What you are asked to do >>
The material below includes pictures; leave them out and return only the lines between the line containing "The Changing Face" and the line containing "Pacho Flores: Cantar", inclusive, word for word.

Excerpted data >>
::::::::

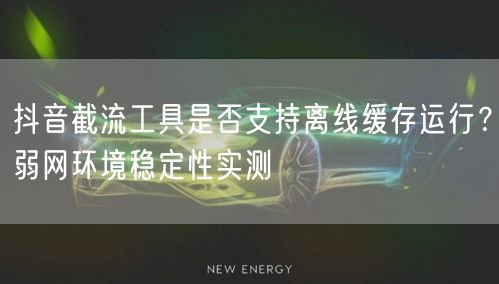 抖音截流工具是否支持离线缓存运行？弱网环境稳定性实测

::::::::

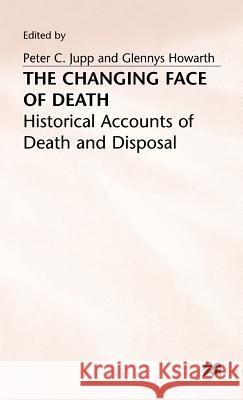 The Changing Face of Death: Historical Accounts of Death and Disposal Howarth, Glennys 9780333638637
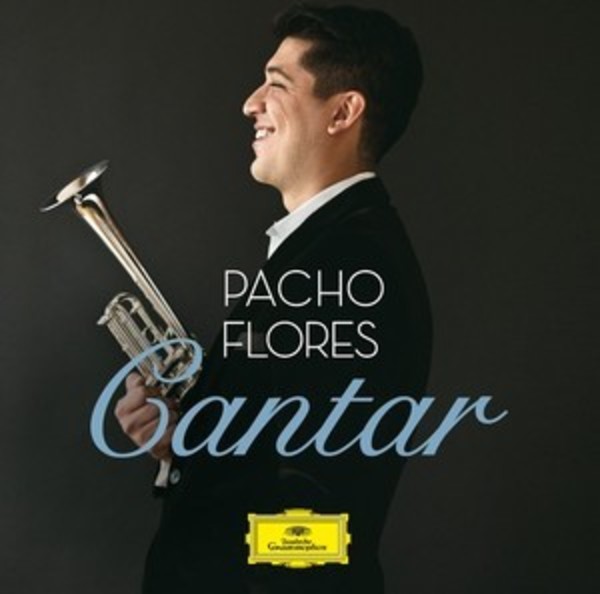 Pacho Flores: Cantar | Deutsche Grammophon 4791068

::::::::

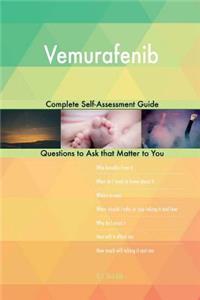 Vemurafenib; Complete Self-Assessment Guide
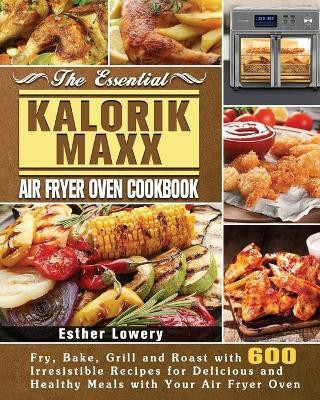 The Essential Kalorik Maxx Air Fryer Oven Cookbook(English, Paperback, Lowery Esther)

::::::::

Solution below >>
 The Changing Face of Death: Historical Accounts of Death and Disposal Howarth, Glennys 9780333638637
 Pacho Flores: Cantar | Deutsche Grammophon 4791068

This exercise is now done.